• [Work to be completed]:
Reproduce the records exactly, beginning with their first line and ending with the line that contains "705 NE 94th Ave — Photo 32", and output nothing more.

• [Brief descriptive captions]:
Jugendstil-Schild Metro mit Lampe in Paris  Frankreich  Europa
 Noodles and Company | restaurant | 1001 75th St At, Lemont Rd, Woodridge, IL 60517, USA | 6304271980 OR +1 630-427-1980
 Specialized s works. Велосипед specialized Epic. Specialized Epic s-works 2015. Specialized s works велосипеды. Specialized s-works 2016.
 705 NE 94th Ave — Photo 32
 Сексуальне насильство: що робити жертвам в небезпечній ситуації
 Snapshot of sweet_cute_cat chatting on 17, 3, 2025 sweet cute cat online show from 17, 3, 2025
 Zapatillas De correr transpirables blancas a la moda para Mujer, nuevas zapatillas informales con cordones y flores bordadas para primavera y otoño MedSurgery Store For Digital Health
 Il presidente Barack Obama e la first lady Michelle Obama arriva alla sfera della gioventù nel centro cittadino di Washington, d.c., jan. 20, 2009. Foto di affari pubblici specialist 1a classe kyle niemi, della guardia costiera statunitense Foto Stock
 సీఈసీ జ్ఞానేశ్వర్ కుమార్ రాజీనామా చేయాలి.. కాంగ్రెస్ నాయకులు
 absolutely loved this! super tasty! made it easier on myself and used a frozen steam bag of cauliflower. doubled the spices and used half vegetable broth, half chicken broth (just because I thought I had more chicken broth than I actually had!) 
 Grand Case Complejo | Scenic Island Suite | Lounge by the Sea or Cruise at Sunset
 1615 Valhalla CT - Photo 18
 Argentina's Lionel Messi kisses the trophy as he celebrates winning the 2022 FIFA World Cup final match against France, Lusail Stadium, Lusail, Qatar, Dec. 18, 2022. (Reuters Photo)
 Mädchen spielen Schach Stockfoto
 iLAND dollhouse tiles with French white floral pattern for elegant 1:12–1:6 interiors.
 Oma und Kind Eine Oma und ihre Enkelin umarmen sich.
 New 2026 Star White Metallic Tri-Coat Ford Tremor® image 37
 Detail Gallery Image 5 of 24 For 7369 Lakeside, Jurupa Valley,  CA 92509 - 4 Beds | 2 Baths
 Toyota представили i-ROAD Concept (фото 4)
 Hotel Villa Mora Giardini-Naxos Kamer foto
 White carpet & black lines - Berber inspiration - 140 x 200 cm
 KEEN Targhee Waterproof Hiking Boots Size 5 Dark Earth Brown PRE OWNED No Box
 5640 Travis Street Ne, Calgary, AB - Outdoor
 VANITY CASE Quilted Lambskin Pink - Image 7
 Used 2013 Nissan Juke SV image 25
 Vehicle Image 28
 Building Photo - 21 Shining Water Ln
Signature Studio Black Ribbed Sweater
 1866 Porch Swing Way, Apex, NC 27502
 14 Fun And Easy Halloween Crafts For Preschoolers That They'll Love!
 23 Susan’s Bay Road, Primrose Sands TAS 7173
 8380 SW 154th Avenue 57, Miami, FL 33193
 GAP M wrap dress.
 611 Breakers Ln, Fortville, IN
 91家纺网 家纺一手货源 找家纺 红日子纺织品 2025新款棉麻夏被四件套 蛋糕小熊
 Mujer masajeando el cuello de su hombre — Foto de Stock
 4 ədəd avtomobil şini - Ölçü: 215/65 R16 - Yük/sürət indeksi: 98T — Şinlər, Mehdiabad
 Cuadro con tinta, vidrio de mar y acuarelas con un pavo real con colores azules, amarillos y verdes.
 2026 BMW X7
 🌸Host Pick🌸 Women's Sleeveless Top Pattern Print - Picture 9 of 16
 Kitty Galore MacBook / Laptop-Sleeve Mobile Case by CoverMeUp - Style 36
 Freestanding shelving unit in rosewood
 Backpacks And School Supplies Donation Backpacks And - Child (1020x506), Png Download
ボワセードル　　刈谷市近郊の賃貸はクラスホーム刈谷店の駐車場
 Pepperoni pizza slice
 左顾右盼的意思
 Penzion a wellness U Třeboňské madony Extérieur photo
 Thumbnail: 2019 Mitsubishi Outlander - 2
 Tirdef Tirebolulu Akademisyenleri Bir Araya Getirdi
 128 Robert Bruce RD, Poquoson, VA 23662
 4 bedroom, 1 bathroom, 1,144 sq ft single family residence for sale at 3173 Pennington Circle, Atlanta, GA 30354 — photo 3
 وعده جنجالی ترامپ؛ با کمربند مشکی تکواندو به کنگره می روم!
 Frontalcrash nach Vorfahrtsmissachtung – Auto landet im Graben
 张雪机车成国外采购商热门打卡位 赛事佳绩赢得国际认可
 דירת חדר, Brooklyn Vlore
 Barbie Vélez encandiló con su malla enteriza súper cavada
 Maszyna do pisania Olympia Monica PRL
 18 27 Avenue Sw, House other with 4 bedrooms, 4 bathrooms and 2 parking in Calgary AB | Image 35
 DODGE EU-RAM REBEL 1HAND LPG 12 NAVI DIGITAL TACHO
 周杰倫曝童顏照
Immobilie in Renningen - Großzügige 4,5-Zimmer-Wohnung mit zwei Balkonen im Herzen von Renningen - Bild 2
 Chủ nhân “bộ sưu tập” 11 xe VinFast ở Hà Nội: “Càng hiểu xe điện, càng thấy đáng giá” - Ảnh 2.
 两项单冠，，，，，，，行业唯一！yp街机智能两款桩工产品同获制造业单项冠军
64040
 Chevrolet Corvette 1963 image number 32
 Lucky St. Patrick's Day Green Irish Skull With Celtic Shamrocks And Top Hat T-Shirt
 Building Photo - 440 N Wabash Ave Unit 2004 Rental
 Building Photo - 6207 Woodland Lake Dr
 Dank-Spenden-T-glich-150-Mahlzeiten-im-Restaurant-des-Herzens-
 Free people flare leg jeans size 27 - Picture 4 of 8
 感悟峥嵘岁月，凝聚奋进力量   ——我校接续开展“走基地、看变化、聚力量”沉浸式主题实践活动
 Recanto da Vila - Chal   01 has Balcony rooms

• [Result]:
Jugendstil-Schild Metro mit Lampe in Paris  Frankreich  Europa
 Noodles and Company | restaurant | 1001 75th St At, Lemont Rd, Woodridge, IL 60517, USA | 6304271980 OR +1 630-427-1980
 Specialized s works. Велосипед specialized Epic. Specialized Epic s-works 2015. Specialized s works велосипеды. Specialized s-works 2016.
 705 NE 94th Ave — Photo 32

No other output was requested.